*Task to carry out*. For the material below, return exactly the lines starting at the line containing "Reed Bundle 7oz" and ending at the line containing "Maize crop near Longford", both ends included, and no others.
════
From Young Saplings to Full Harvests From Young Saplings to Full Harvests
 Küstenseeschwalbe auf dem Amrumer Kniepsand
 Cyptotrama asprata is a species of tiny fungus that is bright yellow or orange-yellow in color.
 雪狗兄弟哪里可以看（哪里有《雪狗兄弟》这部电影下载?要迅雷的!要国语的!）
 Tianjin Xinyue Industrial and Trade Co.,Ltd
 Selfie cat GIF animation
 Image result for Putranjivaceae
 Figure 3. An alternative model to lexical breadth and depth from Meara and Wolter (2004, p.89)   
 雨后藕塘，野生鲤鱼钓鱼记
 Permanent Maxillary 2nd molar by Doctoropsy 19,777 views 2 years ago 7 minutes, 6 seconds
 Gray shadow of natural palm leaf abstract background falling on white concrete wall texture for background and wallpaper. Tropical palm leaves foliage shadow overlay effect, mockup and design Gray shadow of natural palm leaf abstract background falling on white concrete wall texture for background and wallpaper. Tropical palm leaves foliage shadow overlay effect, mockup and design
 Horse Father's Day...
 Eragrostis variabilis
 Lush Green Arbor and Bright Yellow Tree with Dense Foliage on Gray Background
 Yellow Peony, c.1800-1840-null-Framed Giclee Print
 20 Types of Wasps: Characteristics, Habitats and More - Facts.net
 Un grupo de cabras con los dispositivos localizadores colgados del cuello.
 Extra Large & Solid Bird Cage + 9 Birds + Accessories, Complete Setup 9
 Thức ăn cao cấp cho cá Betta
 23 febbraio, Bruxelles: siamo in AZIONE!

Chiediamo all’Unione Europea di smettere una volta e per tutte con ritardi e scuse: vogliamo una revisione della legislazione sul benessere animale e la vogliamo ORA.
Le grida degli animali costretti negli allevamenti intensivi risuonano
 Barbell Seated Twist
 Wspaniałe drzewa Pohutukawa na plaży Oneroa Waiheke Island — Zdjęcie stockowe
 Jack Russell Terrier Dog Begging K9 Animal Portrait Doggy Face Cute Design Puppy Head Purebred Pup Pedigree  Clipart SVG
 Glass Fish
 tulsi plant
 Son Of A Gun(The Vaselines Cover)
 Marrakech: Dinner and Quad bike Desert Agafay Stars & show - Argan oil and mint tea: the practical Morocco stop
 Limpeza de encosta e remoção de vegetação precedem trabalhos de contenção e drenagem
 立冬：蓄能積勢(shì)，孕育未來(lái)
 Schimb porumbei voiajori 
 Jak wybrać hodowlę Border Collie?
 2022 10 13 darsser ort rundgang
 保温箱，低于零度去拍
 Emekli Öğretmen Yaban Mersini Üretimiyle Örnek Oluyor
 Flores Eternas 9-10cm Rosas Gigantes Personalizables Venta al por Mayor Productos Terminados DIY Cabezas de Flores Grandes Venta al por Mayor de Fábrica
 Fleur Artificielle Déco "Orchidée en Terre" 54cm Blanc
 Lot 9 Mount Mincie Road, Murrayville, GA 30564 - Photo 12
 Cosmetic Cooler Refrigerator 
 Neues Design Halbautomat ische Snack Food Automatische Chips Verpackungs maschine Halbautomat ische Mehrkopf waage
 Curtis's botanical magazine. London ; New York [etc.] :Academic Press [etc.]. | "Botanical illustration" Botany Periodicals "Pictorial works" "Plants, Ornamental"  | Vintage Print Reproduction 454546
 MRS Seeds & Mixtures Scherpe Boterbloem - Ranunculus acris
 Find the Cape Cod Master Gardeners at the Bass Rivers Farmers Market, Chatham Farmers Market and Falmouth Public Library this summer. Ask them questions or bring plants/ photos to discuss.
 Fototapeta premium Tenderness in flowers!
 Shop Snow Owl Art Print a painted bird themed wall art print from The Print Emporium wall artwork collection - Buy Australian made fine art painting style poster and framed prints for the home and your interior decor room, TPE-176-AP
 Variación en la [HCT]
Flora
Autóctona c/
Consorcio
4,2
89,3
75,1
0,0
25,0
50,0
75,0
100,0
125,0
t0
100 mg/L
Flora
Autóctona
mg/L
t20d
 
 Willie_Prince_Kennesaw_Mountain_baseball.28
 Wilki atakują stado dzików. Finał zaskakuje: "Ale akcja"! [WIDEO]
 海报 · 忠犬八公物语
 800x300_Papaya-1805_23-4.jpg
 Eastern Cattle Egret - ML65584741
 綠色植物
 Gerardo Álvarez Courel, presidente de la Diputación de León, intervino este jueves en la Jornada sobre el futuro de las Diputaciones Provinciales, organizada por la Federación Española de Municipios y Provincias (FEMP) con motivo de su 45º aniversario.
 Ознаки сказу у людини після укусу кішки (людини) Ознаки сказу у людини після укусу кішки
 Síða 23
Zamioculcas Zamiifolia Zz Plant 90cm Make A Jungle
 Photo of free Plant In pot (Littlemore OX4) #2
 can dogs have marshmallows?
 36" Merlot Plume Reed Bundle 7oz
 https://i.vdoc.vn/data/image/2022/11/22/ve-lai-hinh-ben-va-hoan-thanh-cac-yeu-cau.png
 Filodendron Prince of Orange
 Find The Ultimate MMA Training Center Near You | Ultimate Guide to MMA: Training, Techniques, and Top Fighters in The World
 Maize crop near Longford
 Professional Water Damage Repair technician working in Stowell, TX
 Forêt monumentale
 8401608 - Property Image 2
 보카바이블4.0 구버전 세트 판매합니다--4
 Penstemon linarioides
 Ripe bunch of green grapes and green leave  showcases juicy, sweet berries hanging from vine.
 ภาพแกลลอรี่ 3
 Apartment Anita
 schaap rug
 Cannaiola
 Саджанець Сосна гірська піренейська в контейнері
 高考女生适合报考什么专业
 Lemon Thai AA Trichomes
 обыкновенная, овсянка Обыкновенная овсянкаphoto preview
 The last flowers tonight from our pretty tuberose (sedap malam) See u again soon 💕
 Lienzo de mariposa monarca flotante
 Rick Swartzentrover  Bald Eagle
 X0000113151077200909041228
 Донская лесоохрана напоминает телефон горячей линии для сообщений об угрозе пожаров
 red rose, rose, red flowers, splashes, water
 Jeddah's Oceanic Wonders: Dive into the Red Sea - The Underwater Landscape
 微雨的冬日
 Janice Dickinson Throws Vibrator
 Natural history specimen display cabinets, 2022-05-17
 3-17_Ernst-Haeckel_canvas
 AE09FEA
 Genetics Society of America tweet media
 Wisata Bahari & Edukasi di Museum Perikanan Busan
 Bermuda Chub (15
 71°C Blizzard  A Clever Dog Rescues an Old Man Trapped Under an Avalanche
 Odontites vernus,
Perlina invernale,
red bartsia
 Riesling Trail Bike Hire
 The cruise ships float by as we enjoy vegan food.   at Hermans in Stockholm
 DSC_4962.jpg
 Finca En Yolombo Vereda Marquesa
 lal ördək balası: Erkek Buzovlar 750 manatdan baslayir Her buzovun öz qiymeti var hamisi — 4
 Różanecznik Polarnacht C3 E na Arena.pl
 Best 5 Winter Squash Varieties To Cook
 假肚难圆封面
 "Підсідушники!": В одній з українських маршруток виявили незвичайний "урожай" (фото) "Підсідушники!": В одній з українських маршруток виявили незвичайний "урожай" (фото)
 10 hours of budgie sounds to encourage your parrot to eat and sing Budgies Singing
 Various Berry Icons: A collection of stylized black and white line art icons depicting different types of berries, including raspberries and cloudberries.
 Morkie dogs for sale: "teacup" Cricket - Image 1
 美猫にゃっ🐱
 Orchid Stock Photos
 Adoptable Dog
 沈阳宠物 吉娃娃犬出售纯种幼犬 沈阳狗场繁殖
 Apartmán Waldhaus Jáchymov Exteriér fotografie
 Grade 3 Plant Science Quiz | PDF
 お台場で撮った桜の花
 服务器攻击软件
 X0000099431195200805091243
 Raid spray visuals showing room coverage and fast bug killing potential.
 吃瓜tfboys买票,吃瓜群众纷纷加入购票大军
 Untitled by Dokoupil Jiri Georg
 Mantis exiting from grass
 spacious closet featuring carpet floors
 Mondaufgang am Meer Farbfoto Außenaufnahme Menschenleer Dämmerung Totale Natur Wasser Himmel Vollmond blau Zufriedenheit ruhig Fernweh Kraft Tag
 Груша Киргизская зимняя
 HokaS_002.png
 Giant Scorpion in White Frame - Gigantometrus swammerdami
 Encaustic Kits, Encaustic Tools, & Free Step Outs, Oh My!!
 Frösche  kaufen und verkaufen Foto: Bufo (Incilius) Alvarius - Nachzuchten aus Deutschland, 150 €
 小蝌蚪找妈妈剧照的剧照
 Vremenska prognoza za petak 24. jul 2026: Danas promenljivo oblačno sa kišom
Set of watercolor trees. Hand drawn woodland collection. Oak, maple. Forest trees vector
════
*Reply to the exercise*.
 36" Merlot Plume Reed Bundle 7oz
 https://i.vdoc.vn/data/image/2022/11/22/ve-lai-hinh-ben-va-hoan-thanh-cac-yeu-cau.png
 Filodendron Prince of Orange
 Find The Ultimate MMA Training Center Near You | Ultimate Guide to MMA: Training, Techniques, and Top Fighters in The World
 Maize crop near Longford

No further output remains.